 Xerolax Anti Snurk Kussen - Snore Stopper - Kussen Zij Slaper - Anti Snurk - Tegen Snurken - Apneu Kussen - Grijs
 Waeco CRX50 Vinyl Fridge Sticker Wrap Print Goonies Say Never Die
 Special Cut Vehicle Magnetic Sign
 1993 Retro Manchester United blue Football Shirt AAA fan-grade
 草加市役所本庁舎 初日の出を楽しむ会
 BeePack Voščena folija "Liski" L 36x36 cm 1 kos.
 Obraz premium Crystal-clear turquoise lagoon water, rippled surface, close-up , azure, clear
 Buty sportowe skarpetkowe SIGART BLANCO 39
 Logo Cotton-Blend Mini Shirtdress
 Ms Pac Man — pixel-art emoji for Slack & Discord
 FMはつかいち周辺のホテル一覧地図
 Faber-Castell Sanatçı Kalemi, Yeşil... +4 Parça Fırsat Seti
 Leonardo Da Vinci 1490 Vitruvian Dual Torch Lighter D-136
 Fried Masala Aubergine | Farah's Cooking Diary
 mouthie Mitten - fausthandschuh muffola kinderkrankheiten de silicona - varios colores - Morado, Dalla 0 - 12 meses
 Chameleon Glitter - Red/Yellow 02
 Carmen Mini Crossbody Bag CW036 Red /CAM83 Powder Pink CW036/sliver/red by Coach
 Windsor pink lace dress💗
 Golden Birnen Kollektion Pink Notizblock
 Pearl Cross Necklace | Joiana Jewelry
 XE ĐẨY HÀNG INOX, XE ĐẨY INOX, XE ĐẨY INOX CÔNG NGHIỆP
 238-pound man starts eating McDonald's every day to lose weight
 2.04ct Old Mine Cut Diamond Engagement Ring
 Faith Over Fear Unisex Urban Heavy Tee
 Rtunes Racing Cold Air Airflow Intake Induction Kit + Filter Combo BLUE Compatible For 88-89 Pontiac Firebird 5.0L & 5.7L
────────────────
▶ _WHAT TO WORK ON_:
Where a line of the records has the string "Mini", copy that line.

▶ _PROBLEM SOLUTION_:
 Logo Cotton-Blend Mini Shirtdress
 Carmen Mini Crossbody Bag CW036 Red /CAM83 Powder Pink CW036/sliver/red by Coach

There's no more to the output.